Bila pecah perang harga barang-barang baik. Sekarang harga naik, jadi perang telah pecah.

6. Fallacy of Denying Antecedent (Kekeliruan Karena Menolak Sebab)

Kekeliruan berfikir dalah silogisme hipoteka karena mengingkari sebab kemudian disimpulkan bahwa akibat juga tidak terlaksana.
Contoh :
Bila permintaan bertambah harga naik. Nah, sekarang permintaan tidak bertambah, jadi harga naik.

Bila datang elang maka ayam berlarian, sekarang elang tidak datang, jadi ayam tidak berlarian.

7. Fallacy of Disjunction (Kekeliruan dalam Bentuk Disyungtif)

Kekeliruan berfikir terjadi dalam silogisme disyungtif karena mengingkari alternative pertama, kemudian membenarkan alternative lain. Padahal menurut patokan, pengingkaran alternative pertama, bisa juga tidak terlaksananya alternative yang lain.
Contoh :
Dia lari ke Jakarta atau ke Bandung. Ternyata tidak di Bandung, berarti dia ada di Jakarta. (Dia bisa tidak di Bandung maupun di Jakarta)

8. Fallacy of Inconsistency (Kekeliruan Karena tidak Konsisten)
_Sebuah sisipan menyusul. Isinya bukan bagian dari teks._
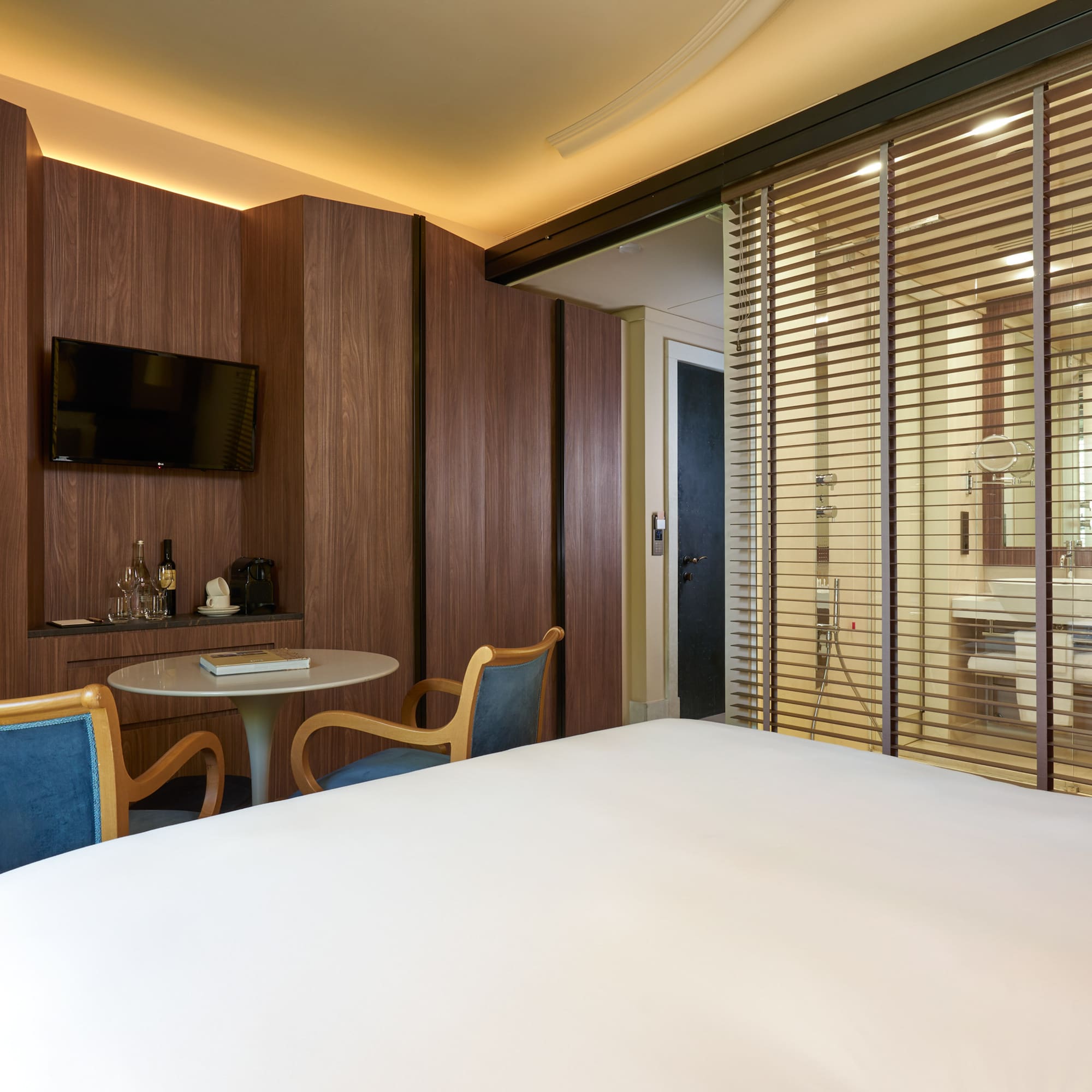 a room with a bed and a table and chairs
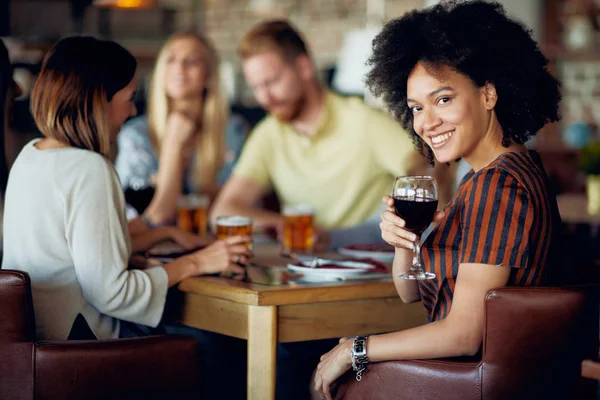 Žena Při Pohledu Fotoaparát Drží Sklenku Vína Při Posezení Restauraci — Stock fotografie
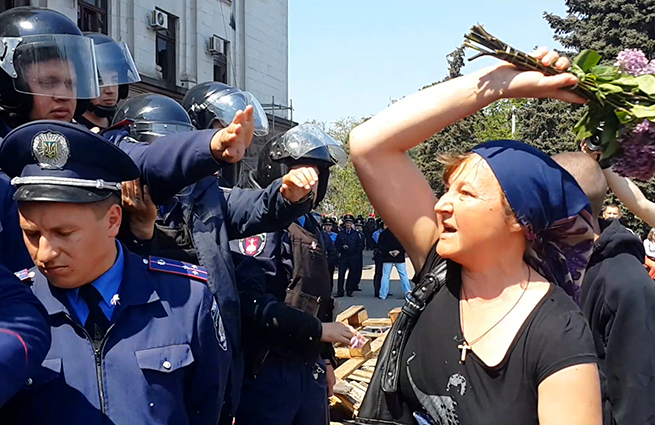 Видя отчаяние женщины, толпа начала скандировать в сторону стражей порядка "позор!".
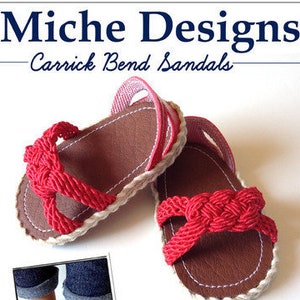 May include: Two doll sandals with red braided straps and brown soles. The sandals have white stitching and a pink strap. The image includes the text "Miche Designs Carrick Bend Sandals" and "A Step-by-Step Guide to Making Sandals For 18 Inch American Girl Dolls Intermediate Level PDF Sewing Pattern."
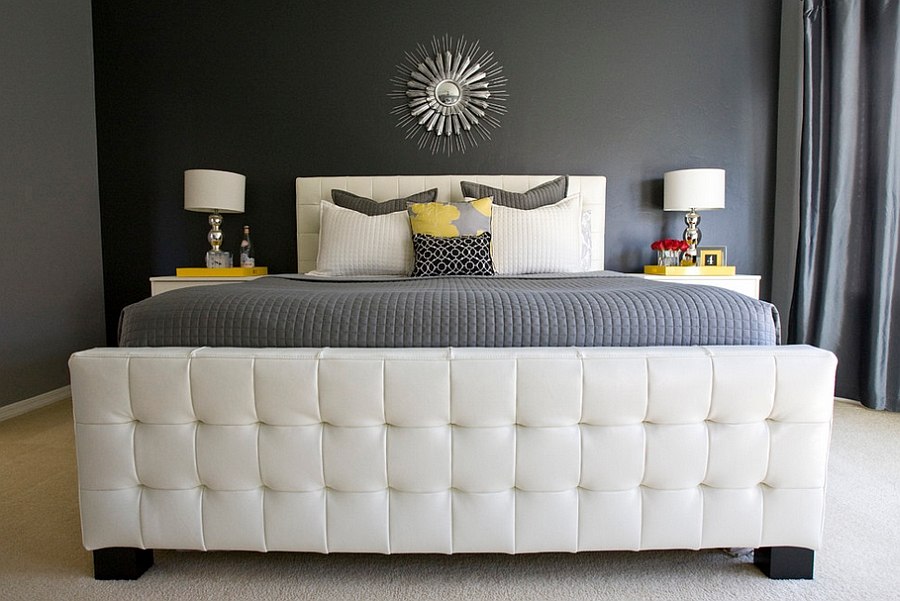 Luxurious master bedroom in gray with yellow accents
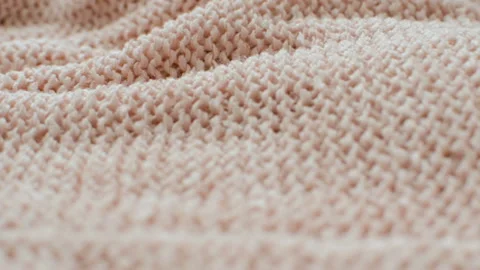 The texture of the fabric. Pink knitted texture. Vídeo Stock 102891023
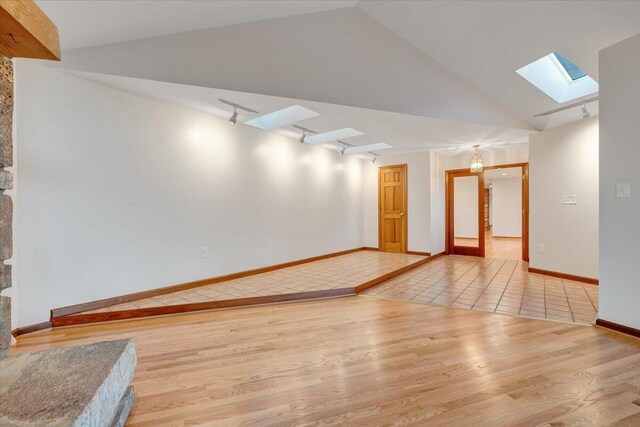 3615 Dogwood Ln SW, Roanoke, VA 24015 - spare room featuring a skylight, wood finished floors, track lighting, baseboards, and high vaulted ceiling
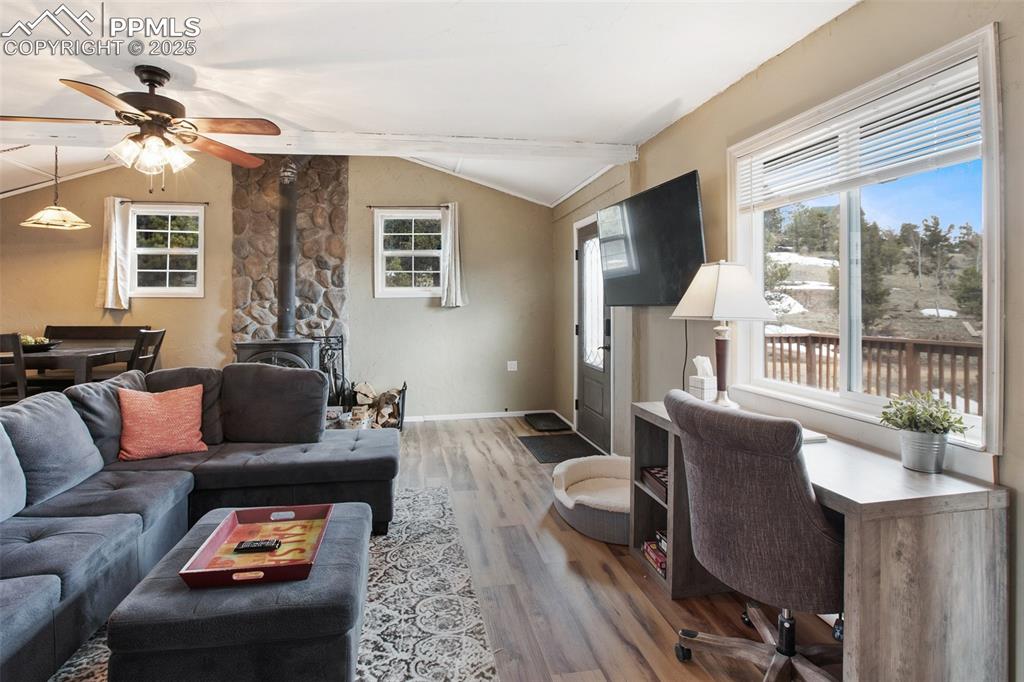 Living room with a wood stove, vaulted ceiling, light wood-type flooring, healthy amount of natural light, and a ceiling fan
Kekeliruan berfikir karena tidak runtutnya pernyataan yang satu dengan pernyataan yang diakui sebelumnya.
Contoh :
Tuhan adalah Maha kuasa, karena itu Ia bisa menciptakan Tuhan lain yang lebih kuasa dari Dia.



B. KEKELIRUAN INFORMAL

1. Fallacy of Hasty Generalization (Kekeliruan Karena Membuat Generalisasi yang Terburu-buru)

Kekeliruan berfikir karena tergesa-gesa membuat generalisasi, yaitu mengambil kesimpulan umum dari kasus individual yang terlampau sedikit, sehinggga kesimpulan yang ditarik melampau batas lingkungannya.
Contoh :
Dia orang Islam mengapa membunuh. Kalau begitu orang Islam memang jahat.

Panen di kabupaten itu gagal, kalau begitu tahun ini Indonesia harus mengimpor beras.

2. Fallacy of Forced Hypothesis (Kekeliruan Karena Memaksakan Praduga)

Kekeliruan berfikir karena menetapkan kebenaran suatu dugaan.
Contoh :
Seorang pegawai datang ke kantor dengan luka goresan di pipinya. Seseorang menyatakan bahwa istrinyalah yang melukainya dalam suatu percekcokan karena diketahuinya selama ini orang itu kurang harmonis hubungannya dengan istrinya, padahal sebenarnya karena goresan besi pagar.

3. Fallacy of Begging the Question (Kekeliruan Kerna Mengundang Permasalahan)

Kekeliruan berfikir karena mengambil konklusi dari premis yang sebenarnya harus dibuktikan dahulu kebenarannya.
Contoh :
Surat kabar X merupaka sumber informasi yang reliable, karena beritanya tidak pernah basi. (Di sini orang hendak membuktikan bahwa surat kabar X memang merupakan sumber informasi yang dapat dipercaya berdasarkan pemberitaannya yang up to date, tanpa dibuktikan pemberitaannya memang dapat diuji kebenarannya).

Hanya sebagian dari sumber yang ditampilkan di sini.